The Cost Calculation Tool is based on the calculation scheme of the AUVA, which represents the largest of the four occupational insurance companies within the Austrian compulsory social insurance system. The applied methodology follows the total cost calculation concept including cost-type accounting, cost-center accounting, and cost-unit accounting to identify and forecast possible cost drivers. Full costing is preferred over marginal costing due to the inclusion of information on a comprehensive economic level. Among others, such economic factors comprise costs for loss of productivity or inflation, while employer costs such as sick leave payments are based on legal requirements. To calculate insurance costs on a gernal absis and per single casualty, we access real AUVA-data from its income statement as well as further internal data bases for the injuries related to 2010 and 2011 and complement them by essential self-developed cost estimations and approximations.

Results

We illustrate the power of our decision support system on the dataset of occupational injury cases acknowledged in the year 2010. First, we prove that the influence of single cost drivers changes over time. Overall, the AUVA has to bear 40% of the lifelong costs, followed by economic productivity losses and employers with 15.6%. Regarding the AUVA costs of the total 117.85 million Euro within the first two years after the accident, treatment costs account for about 66%, pension costs for about 12%, and co-payments for sick leave for about 10%. However, under a lifelong cost-perspective pension costs are the main cost driver with nearly 50%, while treatment costs only account for less than 15% of the overall 656.8 million Euro.
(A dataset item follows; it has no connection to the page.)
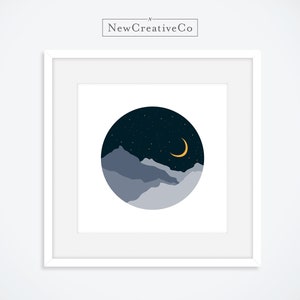 Digital Download, Moon, Mountains, Paper Cut Style, Night Sky, Boys Room, Nursery, Moon and Stars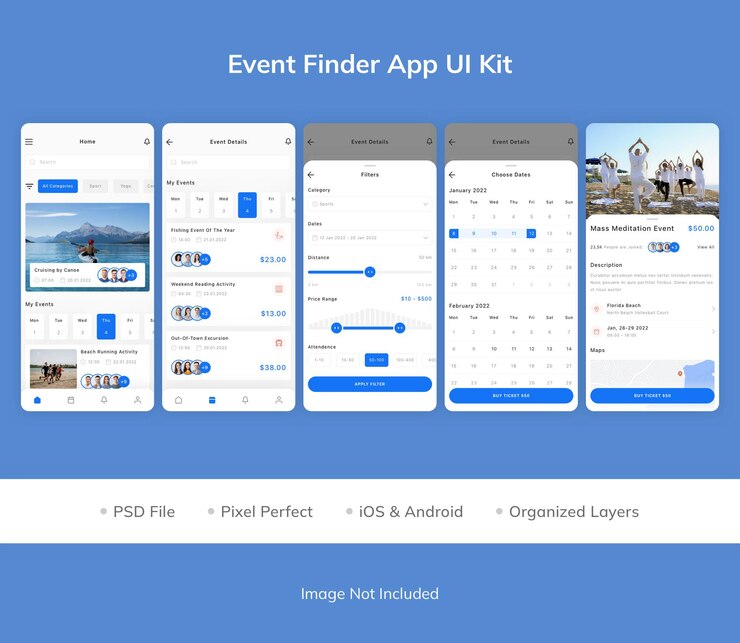 PSD kit de interfaz de usuario de la aplicación event finder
Second, another policy analysis supports the identification of accident categories to disclose high potentials for special information campaigns targeted to such risk groups. We reveal that the long-life costs for traffic accidents are nearly five times higher than non-traffic accidents with average total costs of over 49,000 Euro and a most expensive case with about 4.8 million Euro. Based on the insights of this research project, the AUVA policy makers highly focus their prevention strategies on traffic-related accidents on the way to/from/at workplace, accidents at construction sites, as well as accidents in the forestry and agriculture.

Third, we identify a high potential for the improvement of insurance-internal databases and cost structures.